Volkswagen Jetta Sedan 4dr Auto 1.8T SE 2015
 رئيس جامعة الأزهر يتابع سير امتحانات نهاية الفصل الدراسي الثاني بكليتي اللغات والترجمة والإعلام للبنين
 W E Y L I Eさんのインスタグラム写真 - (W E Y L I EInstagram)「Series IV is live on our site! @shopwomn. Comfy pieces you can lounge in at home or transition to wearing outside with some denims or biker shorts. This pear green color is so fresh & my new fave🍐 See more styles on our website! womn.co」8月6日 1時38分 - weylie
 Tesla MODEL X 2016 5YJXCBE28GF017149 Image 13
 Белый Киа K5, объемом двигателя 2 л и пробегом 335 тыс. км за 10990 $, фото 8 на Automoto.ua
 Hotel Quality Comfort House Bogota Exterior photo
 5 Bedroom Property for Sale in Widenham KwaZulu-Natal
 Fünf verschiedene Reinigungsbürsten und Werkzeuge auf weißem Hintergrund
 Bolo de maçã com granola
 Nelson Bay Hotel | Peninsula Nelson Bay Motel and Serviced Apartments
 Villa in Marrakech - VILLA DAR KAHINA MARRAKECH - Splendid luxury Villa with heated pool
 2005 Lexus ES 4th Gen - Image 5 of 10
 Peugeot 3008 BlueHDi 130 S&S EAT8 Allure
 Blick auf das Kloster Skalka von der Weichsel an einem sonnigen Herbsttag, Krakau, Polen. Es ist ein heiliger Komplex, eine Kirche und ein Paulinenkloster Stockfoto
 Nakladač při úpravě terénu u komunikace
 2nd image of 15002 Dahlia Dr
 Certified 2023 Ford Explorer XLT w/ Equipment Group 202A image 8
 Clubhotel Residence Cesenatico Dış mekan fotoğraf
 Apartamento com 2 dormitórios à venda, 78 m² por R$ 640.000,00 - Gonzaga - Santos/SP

********************

Assigned task: Each line from the one containing "2nd image of 15002 Dahlia Dr" down to the final line of the listing must appear in the answer exactly as written, and no other line may.

Result of the task:
 2nd image of 15002 Dahlia Dr
 Certified 2023 Ford Explorer XLT w/ Equipment Group 202A image 8
 Clubhotel Residence Cesenatico Dış mekan fotoğraf
 Apartamento com 2 dormitórios à venda, 78 m² por R$ 640.000,00 - Gonzaga - Santos/SP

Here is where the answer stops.